* **Task prompt**
Output exactly the lines from the one containing "Anillo dorado con" through the final line of the entries below, both included, and skip the pictures.

== Segment start ==

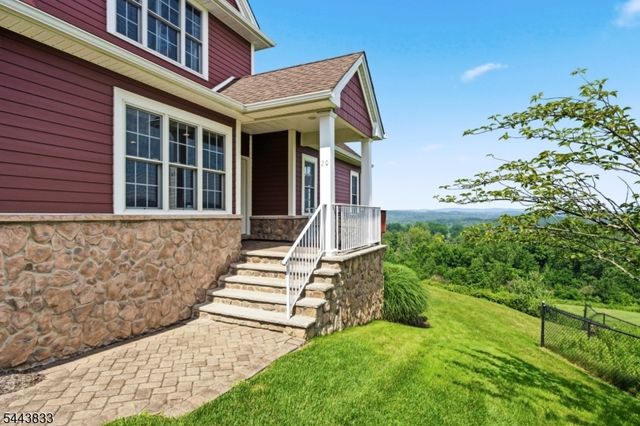 20 Kelburn Ct, Hardyston Twp., NJ 07419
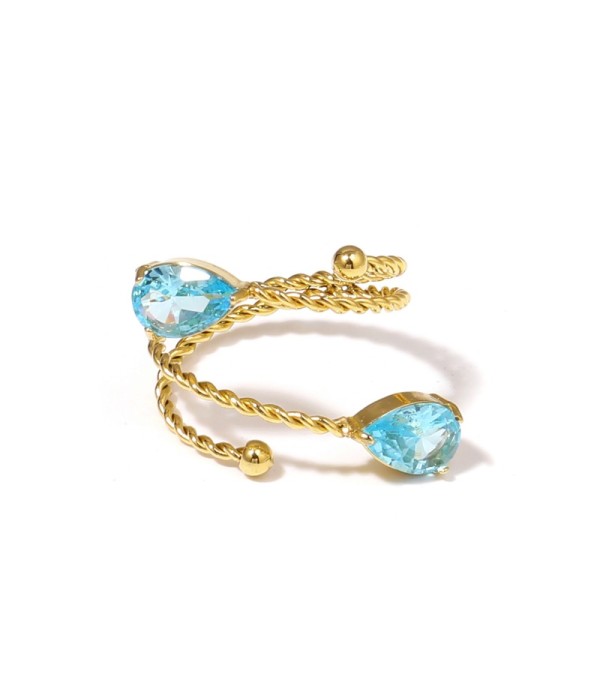 Anillo dorado con diseño de cordón y circonitas en forma de gota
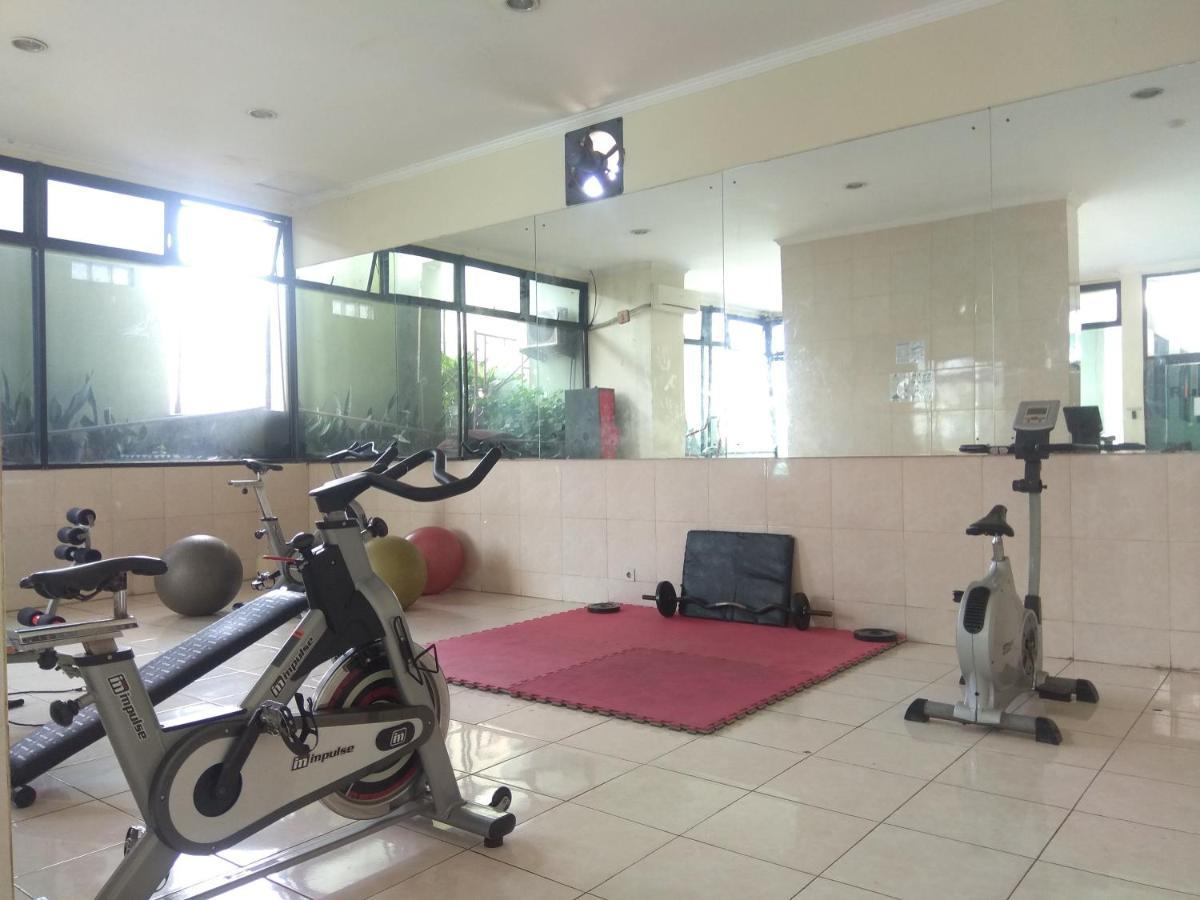 New Furnished 1br Rajawali By Travelio Apartment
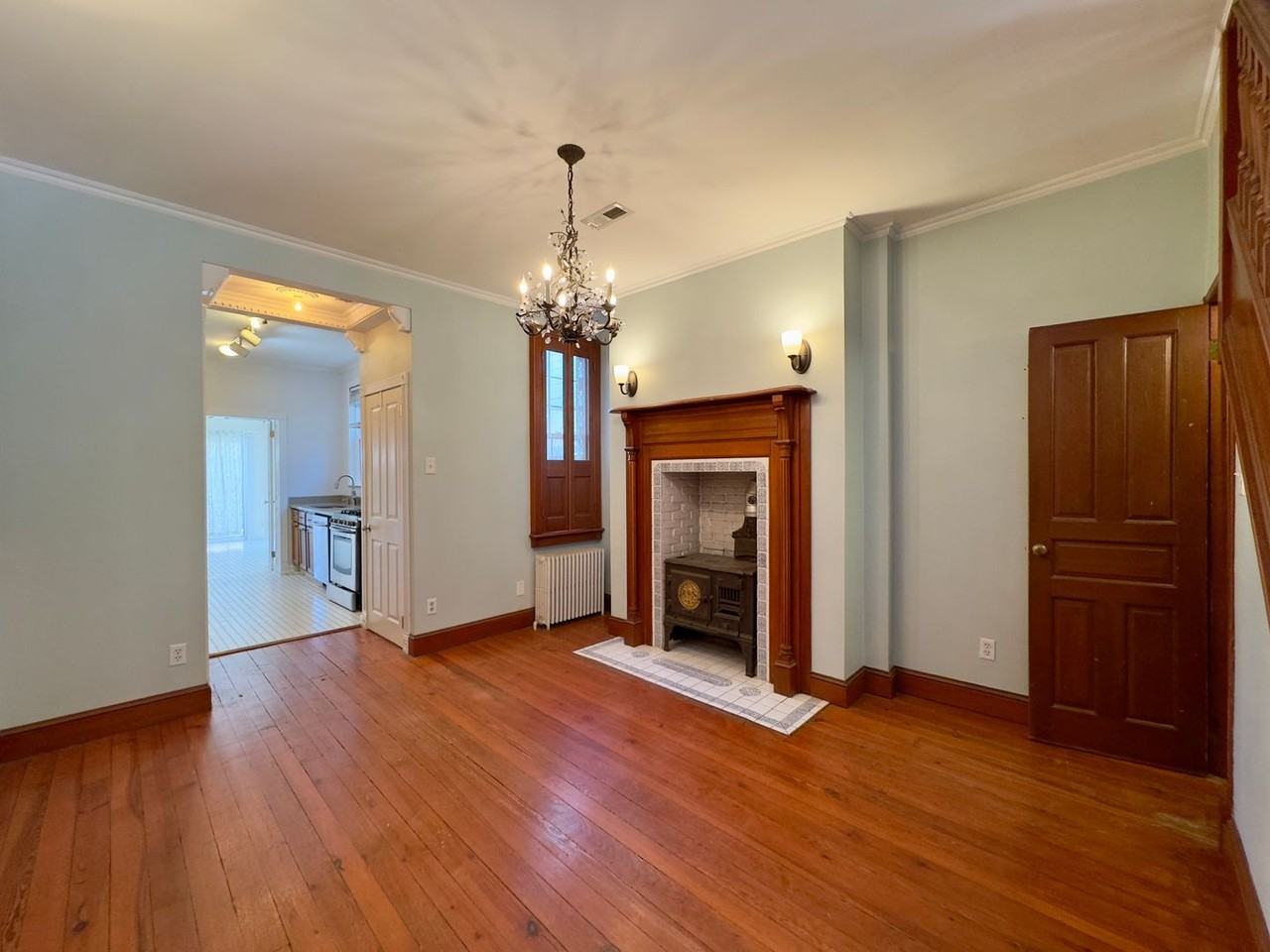 436 E Randall St - Photo 5 of 31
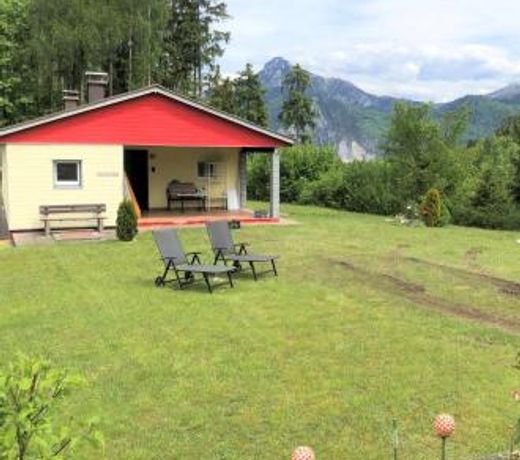 Ferienhaus am Traunsee mit Bergsicht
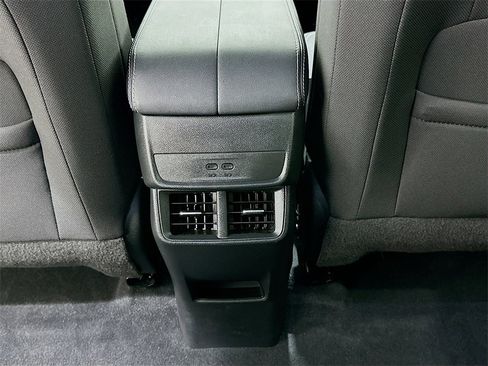 Used 2025 GMC Terrain Elevation w/ Technology Package II image 26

== Segment end ==

* **Exercise output**
 Anillo dorado con diseño de cordón y circonitas en forma de gota
 New Furnished 1br Rajawali By Travelio Apartment
 436 E Randall St - Photo 5 of 31
 Ferienhaus am Traunsee mit Bergsicht
 Used 2025 GMC Terrain Elevation w/ Technology Package II image 26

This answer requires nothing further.